MATILDE MELLIBOVSKY, a mother of a disappeared child, GRACIELA, is one of the founding members of the Mothers of the Plaza de Mayo, Argentina. Her daughter was abducted in September 25, 1976 at the age of twenty nine. Matilde wrote the book "Circulo de Amor sobre la Muerte: Testimonios de las Madres de Plaza de Mayo" in 1990; its English version: "Circle of Love over Death: Testimonies of the Mothers of the Plaza de Mayo," was published in the United States in 1997. This was her first book and also the first book of its kind. When a foreign writer approached her at a conference in Buenos Aires, looking for a book in Spanish with testimonies by the Mothers she had to admit that it has not been written yet. Mellibovsky decided then to face the hard task of interviewing the other mothers of the organization, tapping and writting their painful experiences as well as her own's. "I want to write this book so that the next generations can have an axact image of what happened, so that they know us, the Mothers, as if we were their contemporaries. So that they know how we felt and how we lived out this part of Argentina's history, which scarred our families forever," she wrote. In a chapter where she disccusses the difference between death and disappearance we can read: "A disappearence places you in a very large, dense cloud from which you cannot escape, because in the unconscious a hope always survives, while you can rationally assume the absoluteness of death."


***************************

"I am the Only Survivor of Krasnostav" was written by DONNA RUBINSTEIN in 1982, on the forty-first anniversary of the annihilation by the Nazis of all the people who lived in Krasnostav, including Donna's entire family: grandparents, parents, siblings and also uncles, aunts, and their families. As the only survivor of Krasnostav, an eastern Ukraine little town, she felt it was her duty to record her memories for her children and for future generations. She wrote: "I am still alive, a remnant of the Holocaust, and will not reimain silent. As long as I live I will tell what I remember, so that at least one tiny part of the most horrendous catastrophe of the twentieth century shall never be forgotten."
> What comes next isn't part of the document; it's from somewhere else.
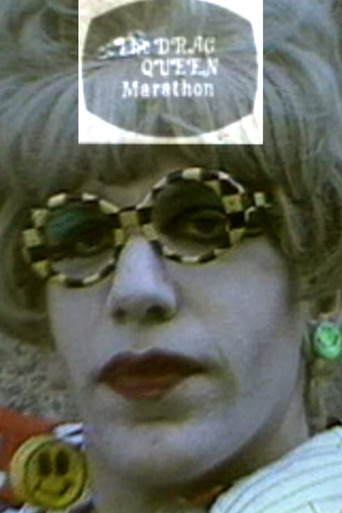 Movie poster for Drag Queen Marathon (1986)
***************************


NELLY SACHS

She was the first Jewish woman to win, in l966, a Novel Prize for Literature. SACHS had all her family, except for her mother, killed in concentration camps during the
Holocaust. She wrote: " If I could not have written, I could not have survived. Death was my teacher . . . my metaphors are my sounds."
Her best-known poem was:


O The CHIMNEYS


O the chimneys, On the cleverly devised abodes of death.

As Israel's body drew, dissolved in smoke, Through the air,

As a chimney-sweep a star received it, Turning black,

Or was it a sunbeam?


*****************************


Among the victims who did not survive in Argentina, there were poets and writers whose works were preserved by their families and friends. CLAUDIO EPELBAUM was one of them; he "disappeared" in 1976. In 1985 was published in Buenos Aires "Desde el Silencio" (From Silence) a moving antology with poems and narratives by more than twenty young poets who, like Epelbaum, were killed by the military forces.


Agrego estas lagrimas secas

por el dolor,

mientras beso la tierra embebida

de rabia impotente

por el escandalo

del hombre asesinado,

de sus suenos violados.


The poet cries dry tears because of his pain, while he kisses the earth soaked with impotent rage, due to the terrible reality of people being murdered and deprived of their dreams.